# [Exercise objective]
Set down each line from the line holding "Blanket Coat with" to the last line of the entries below, exactly, with both ends included and without pictures.

# [Entries supplied]
===============

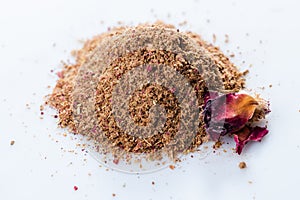 Close-up of persian spices blend with Rose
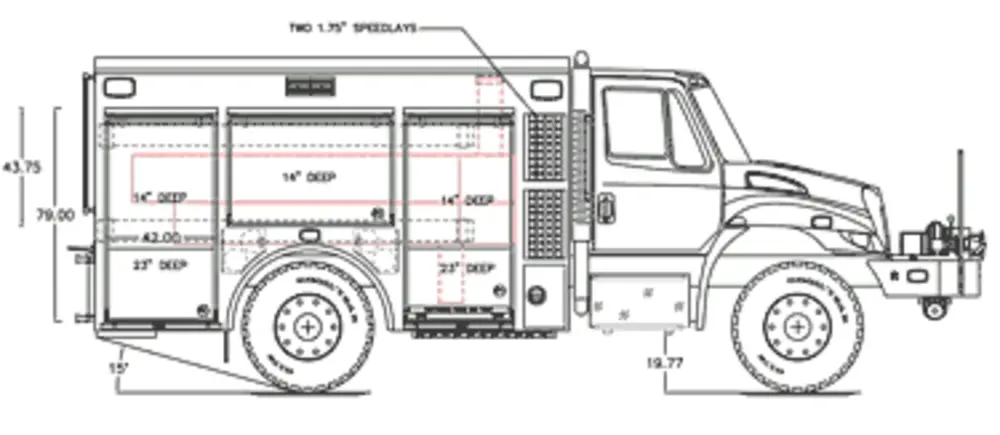 Exterior view of small fire truck showing cab, body compartments, and wheel/tire area.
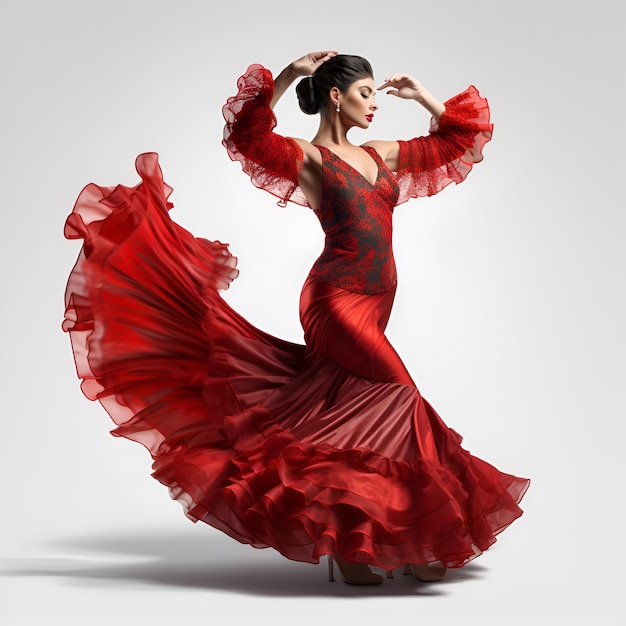 Illustration Beautiful Spanish woman 30 years old full body is dancing flamenco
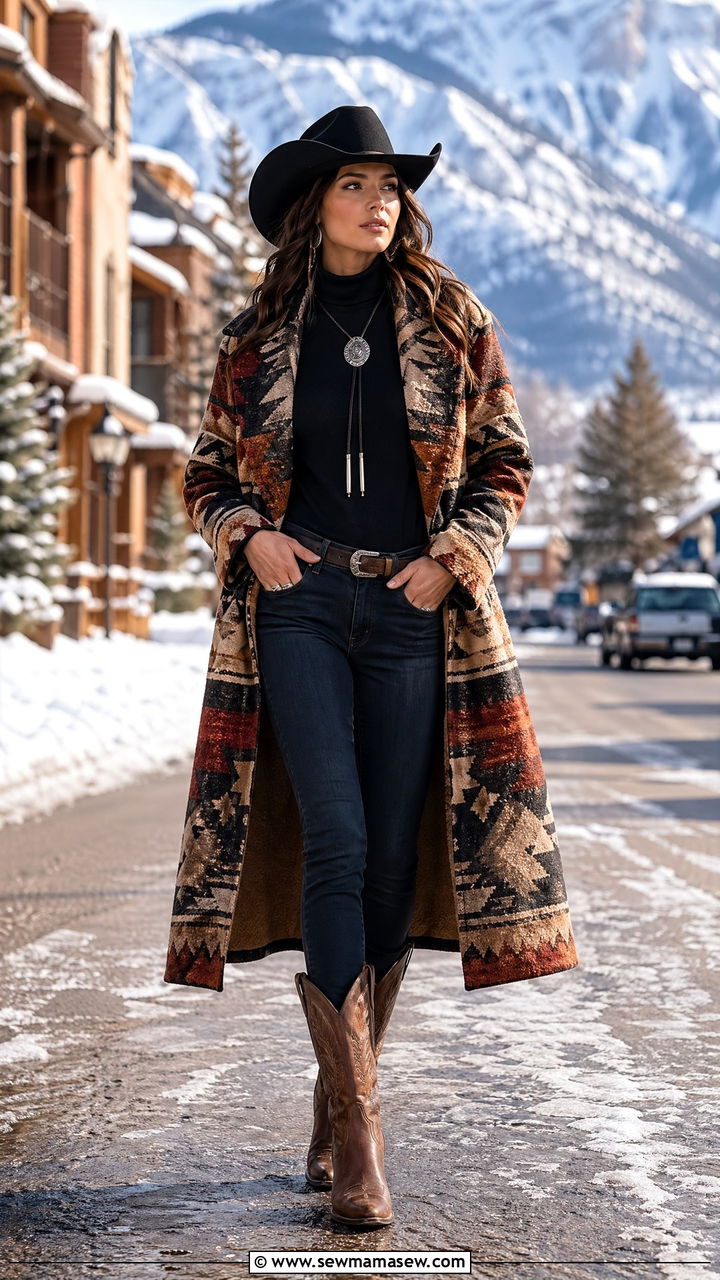 Blanket Coat with Dark Jeans and Cowboy Hat - 35 Western chic outfit ideas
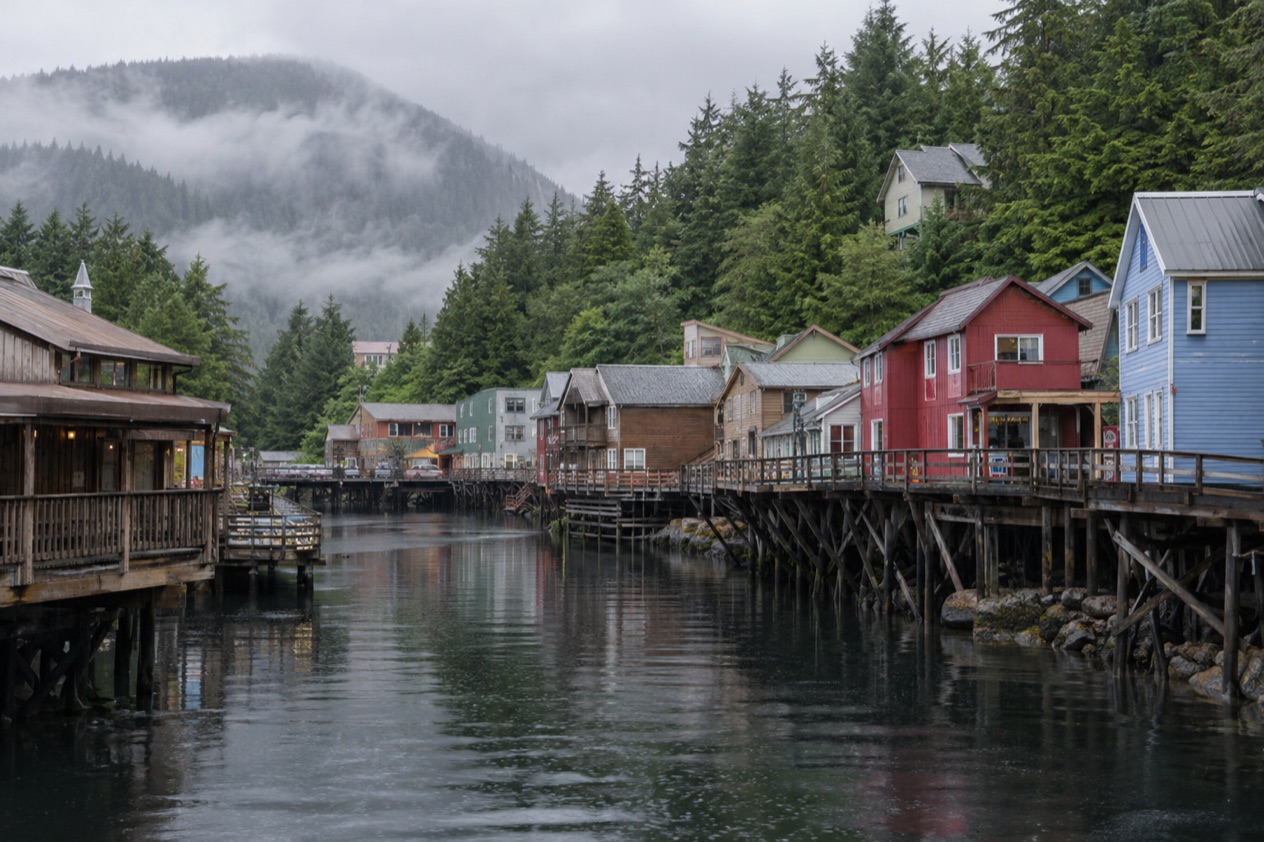 Houses on stilts in Ketchikan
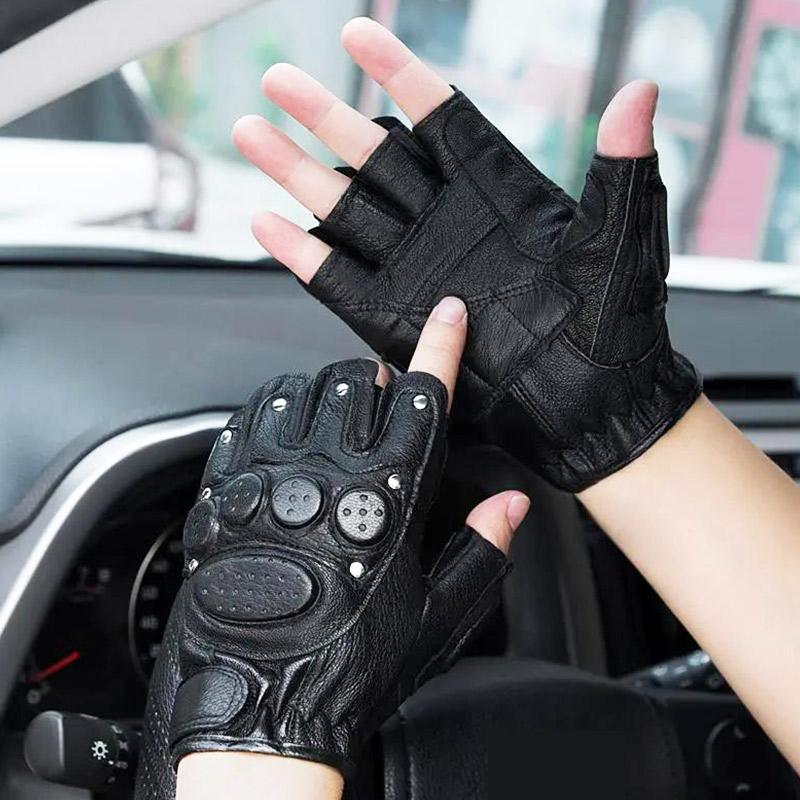 Перчатки из овчины с полупальцами, мужские четырехсезонные перчатки для езды и вождения на мотоцикле, тактические тренировочные нескользящие кожаные перчатки из овчины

===============

# [Exercise response]
 Blanket Coat with Dark Jeans and Cowboy Hat - 35 Western chic outfit ideas
 Houses on stilts in Ketchikan
 Перчатки из овчины с полупальцами, мужские четырехсезонные перчатки для езды и вождения на мотоцикле, тактические тренировочные нескользящие кожаные перчатки из овчины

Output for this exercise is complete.